Start of Block

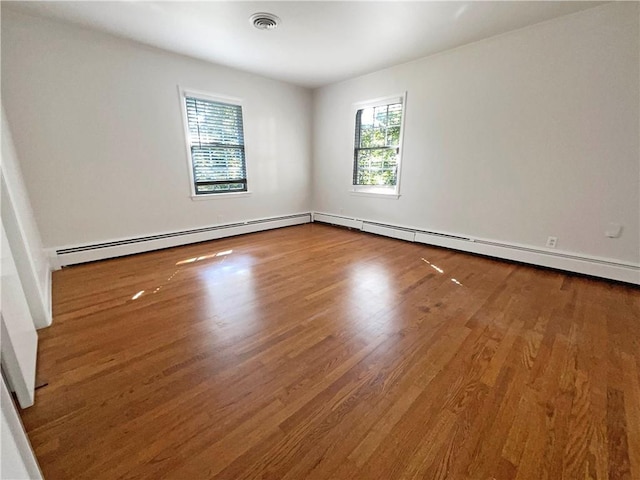 unfurnished room featuring wood-type flooring and baseboard heating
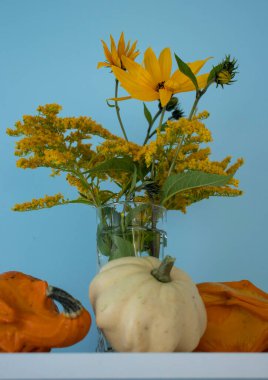 Balkabaklı vazoda çiçekler var. Çiçekler masada ve onların yanında balkabakları var.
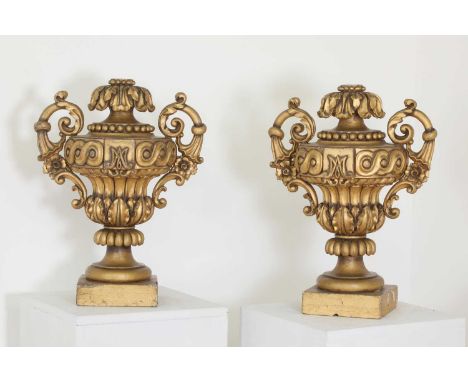 A pair of carved and painted softwood urns,mid-19th century, Italian, each ornately carved and on a square base, drilled for 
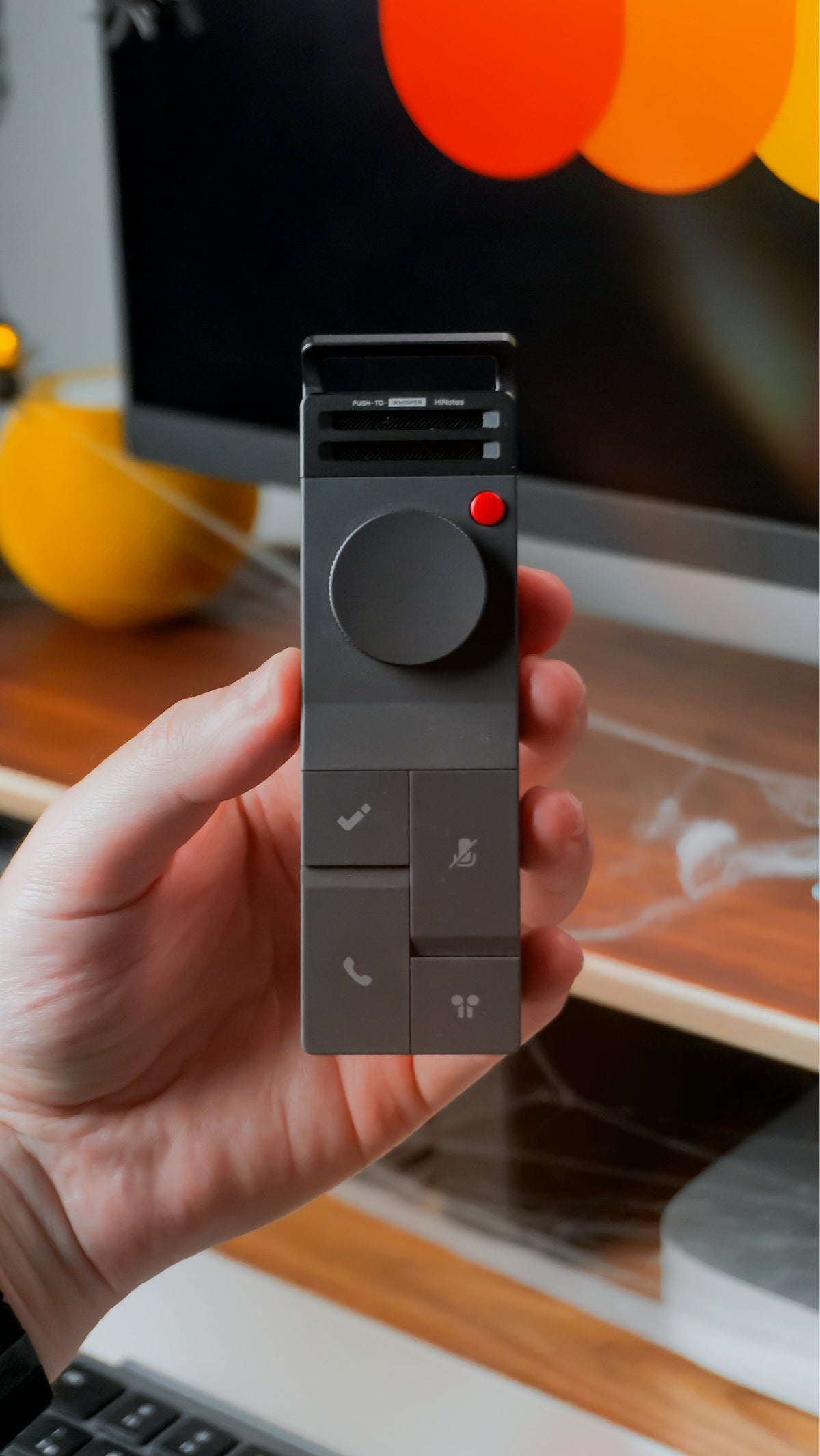 Hand holding a digital controller with buttons and dial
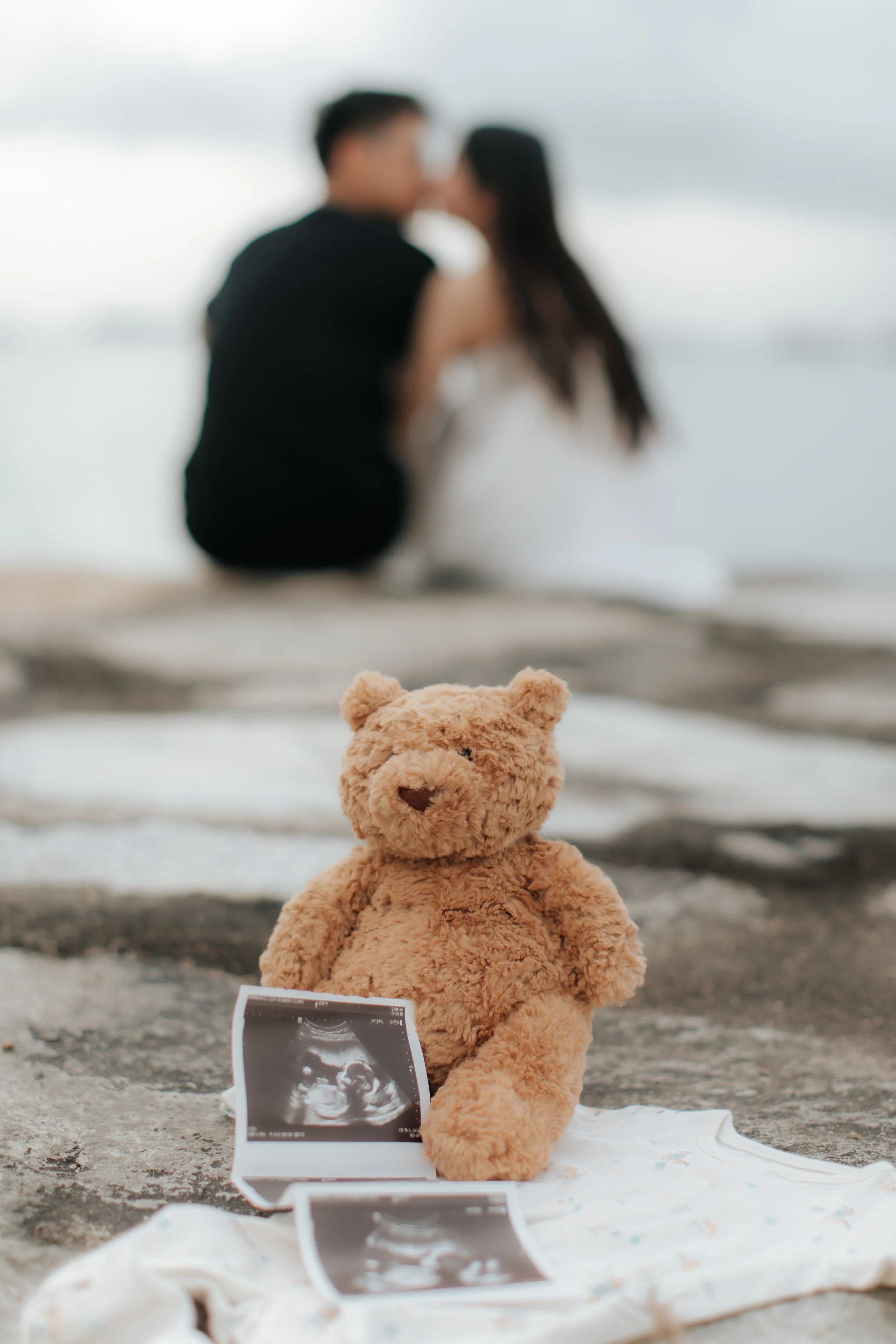 Cinematic maternity shoot at sunset at East Coast Park in Singapore, captured by Arielle for Breadandbutterworks.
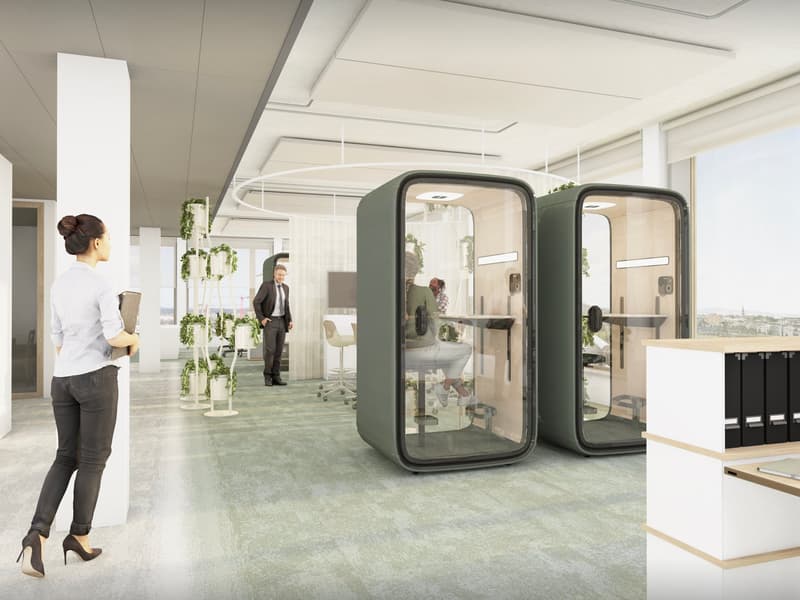a modern office with several work pods, carpeted floor, a large window, and a desk area.
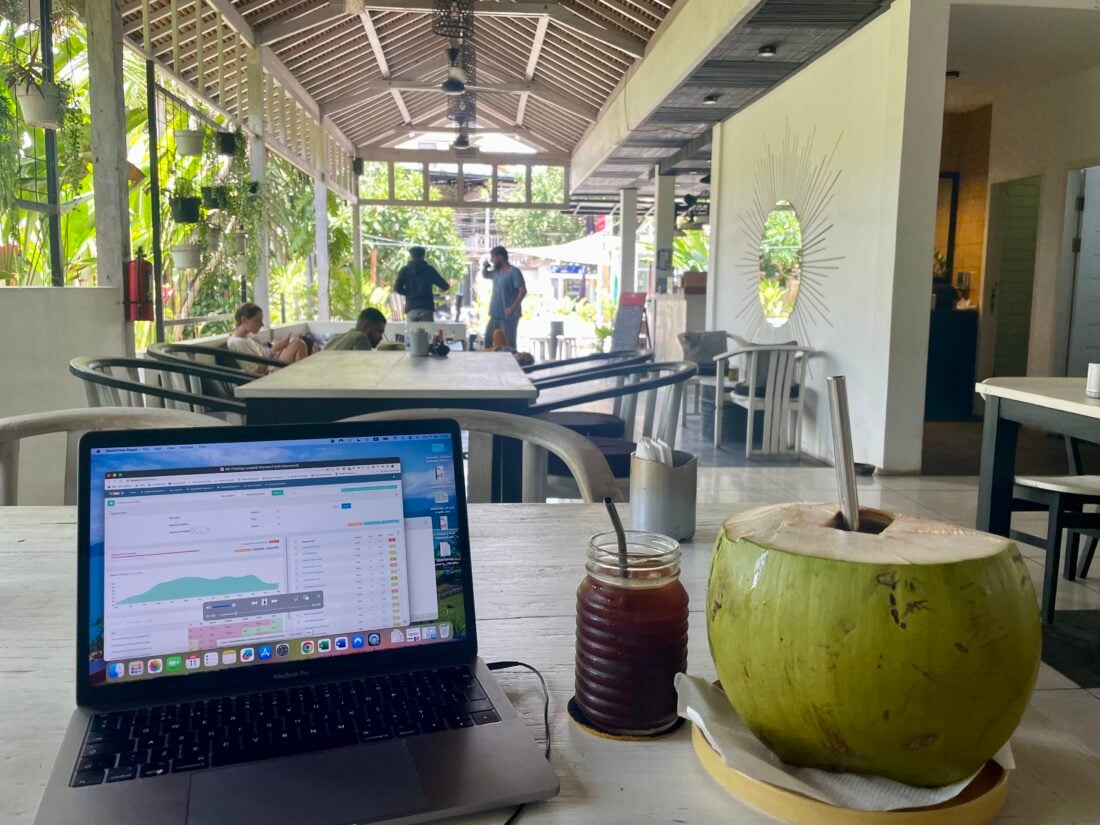 digital nomad set up from a cafe, coconut and coffee on table with open laptop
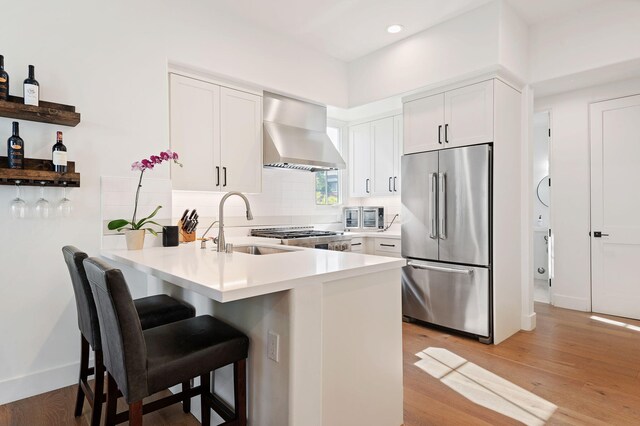 3736 State St Unit 109, Santa Barbara, CA 93105 - kitchen featuring stainless steel fridge, wall chimney exhaust hood, a peninsula, a sink, and light wood finished floors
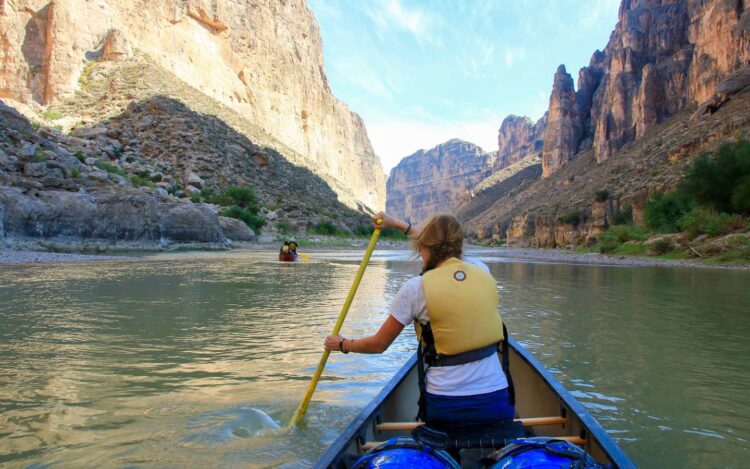 Students paddling down the Rio Grande as part of a two week canoe expedition.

End of Block

» Work to complete
Only the lines from the one containing "3736 State St" through the last line of the entries should be transcribed, exactly and with no pictures.

» Result of this task
 3736 State St Unit 109, Santa Barbara, CA 93105 - kitchen featuring stainless steel fridge, wall chimney exhaust hood, a peninsula, a sink, and light wood finished floors
 Students paddling down the Rio Grande as part of a two week canoe expedition.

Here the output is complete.